Friday, December 28, 2007

Holy Innocent's Day: Love is Disarming

Today we remember the Holy Innocents of Bethlehem, from Matthew’s tale of Jesus’ birth, who were killed by a paranoid King Herod. The most important reflection on this story has always been Dutch Roman Catholic theologian Edward Schillebeeckx’. The set up to these words is his talking about the birth stories as post-resurrection stories (like all of the gospels):

Then nothing was too much. Angels, stars, wise men from the east, “astrologers,” but also simple people and shepherds, everything and everyone was summoned to offer praise to God.

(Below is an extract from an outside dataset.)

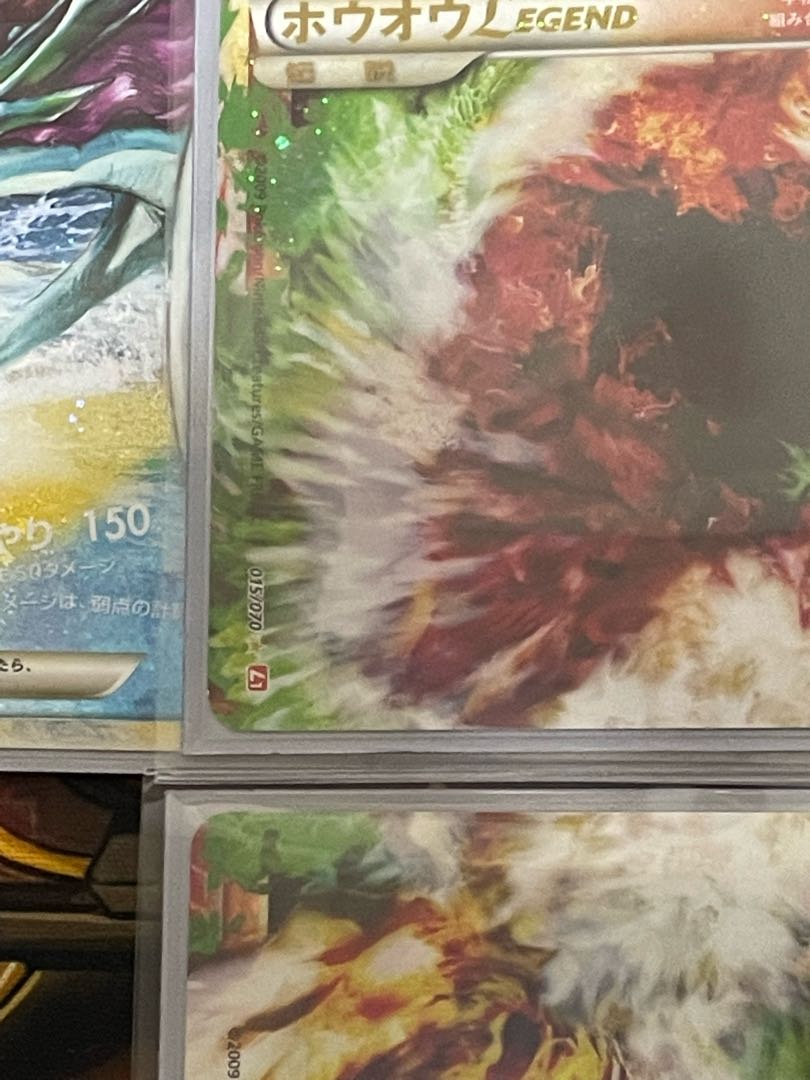 ブルー×レッド ポケモンカードlegend 懸賞当選品5000枚限定 - ポケモン ...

At the same time, people felt that this Jesus must inevitably be a stumbling block for the powerful of the earth, people who seem only to be put off by other people’s goodness and therefore become aggressive. When pure goodness appears, without the sentimentality of mediaeval views of the crib, all the opposing forces of the earth do in fact join together. “They come to search for the child, to destroy him” (Matt. 2:13). Love is disarming. That is, people can be won over by it, or, it makes those who are evil even worse. The theme of the massacre of the innocents in Bethlehem has more human truth than the historian can ever discover. Faced with love which shows itself to be unarmed—and not knowing that it is love—the human reaction is either unconditional surrender or panic fear which will do anything to strengthen its own position of power, even to the point of killing all young children who are two years old and younger (Matt. 2:16). Any threat, possible or imagined, is exterminated.

Love in fact becomes the definition of heaven and hell, already on earth in the midst of our history, and therefore for ever. The first generation of Christians understood this well…


From his sermon "God who visits his people," in God Among Us: The Gospel Proclaimed, pp. 11-12.